Well, that's his pie to bake. I have problems of my own, maybe not as bad as his but concerning enough. I just think he needs time to himself after this. I decide that he could use some time to himself right now and turn away from him. I find myself a place on the boat where I can let my own thoughts wonder. I make sure to make it known that I don't want his company right now, so when he gets the message I take my leave and hope he doesn't over think things too much. Lord knows, my friend is troubled and has a bit of issues and has the tendency to make things look worse than they actually are.

I'm standing at the front of the sailboat, getting the cool, salty wind in my face. It's relaxing and calms me down instantly. Ah, I sigh in contentment. This feels nice, no looking for mermaids, no worrying if your friend is going to jump overboard, no nothing. Just the ocean and the silent peace. These moments are very rare for me, with my busy life I hardly have time to myself. Between working and studying, the time I have left to myself are very little. I gave myself a lot of work when I chose my field in which I'm studying. But I love it and my job at the museum is pretty nice. Day after day I get to tell people all I know about the history this island has. The mythical world that lives beneath the ocean, whether they believe it or not. Now I know for sure that it exists, because there is literally a mermaid on this very boat!

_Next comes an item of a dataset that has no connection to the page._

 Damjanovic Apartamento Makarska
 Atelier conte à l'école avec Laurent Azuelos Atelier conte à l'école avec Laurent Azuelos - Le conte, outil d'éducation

I can't help but feel a nagging feeling in the back of my head, like I'm being stared at. I turn around and Logan turns his head away. Huh, seems he is in need of a distraction, it's only been like a few minutes but when Iook at my watch, it has almost been an hour. I huff out a breath and walk to my friend and stand next to him, resting my arms on the rail. The poor fool...he has no idea how much I envy him and even when this situation is highly unlikely to ever happen to anyone else, I would do anything to have a bit of what has been given to him on a silver platter. But that's life for you, not everyone is blessed like that, even if fate seems a bit suspicious and mixes you with a scaly looking partner. I'll let my friend rant to me about his problems though, what are friends for, if not for that? Always sticking together no matter what.